Robert Hendy-Freegard, 53, nicknamed the Puppet Master because of his career as a serial swindler, made his escape after injuring the gendarmes at his home in the Creuse in central France.

He was later arrested in Belgium and extradited to France, where he has been held in jail since 2022.

Hendy-Freegard was convicted and given life imprisonment in the UK in 2005 for kidnapping and fraud, including cheating a number of women out of more than £1m.

He convinced his victims he was a secret agent for MI5 and was on the run from terrorist organisations. He was freed in 2009 after his conviction for kidnapping was overturned by an appeal court.

Some time around 2015, he moved to a remote house in village of Vidaillat in the Creuse, and established himself as a dog breeder with his British partner, Sandra Clifton.

When French workplace and animal rights inspectors, accompanied by gendarmes, visited the property on 25 August 2022 to inspect the kennels after complaints from neighbours that he was running an illegal business, Hendy-Freegard allegedly jumped in his Audi A3 in an attempt to escape, hitting the officers in the process.

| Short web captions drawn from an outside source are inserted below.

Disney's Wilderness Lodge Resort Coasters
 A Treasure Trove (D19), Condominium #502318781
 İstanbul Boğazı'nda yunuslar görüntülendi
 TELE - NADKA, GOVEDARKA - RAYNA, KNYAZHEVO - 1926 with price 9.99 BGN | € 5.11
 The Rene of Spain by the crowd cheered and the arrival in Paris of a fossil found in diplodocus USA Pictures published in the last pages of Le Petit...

An injured female officer, reportedly carried 100 yards on the vehicle bonnet who suffered a broken nose, was signed off work for 21 days and her male colleague for six days. Hendy-Freegard was arrested two weeks later after his car was stopped by Belgian police on the E40 motorway at Grand Bigard near Brussels.

While at the kennels, the officers discovered his partner, Clifton, living at the property. Neighbours had previously alerted the authorities over a woman being held in “awful conditions” at the house but as the woman told police there was no cause for concern, inquiries were dropped.

Clifton is believed to have since returned to the UK and declined to press charges.

Hendy-Freegard, the central figure in Netflix’s 2022 documentary, The Puppet Master: Hunting the Ultimate Conman, who also inspired a fiction film called Rogue Agent starring James Norton and Gemma Arterton, faces up to 10 years in jail if convicted of deliberately injuring the law enforcement officers.

During an earlier hearing, Hendy-Freegard’s lawyer Juliette Magne-Gandois said he had “always denied any intent to kill anyone”, a charge carrying a sentence of up to 30 years. AFP reported Magne-Gandois has since stopped representing him.

During his London trial, the court was told Hendy-Freegard lived by the motto: “Lies have to be big to be convincing.” One of his victims recalled him taking her from a supposed “safe house” with a bucket over her head, having to hide in cupboards to avoid visitors, and spending three weeks in a locked bathroom with little to eat.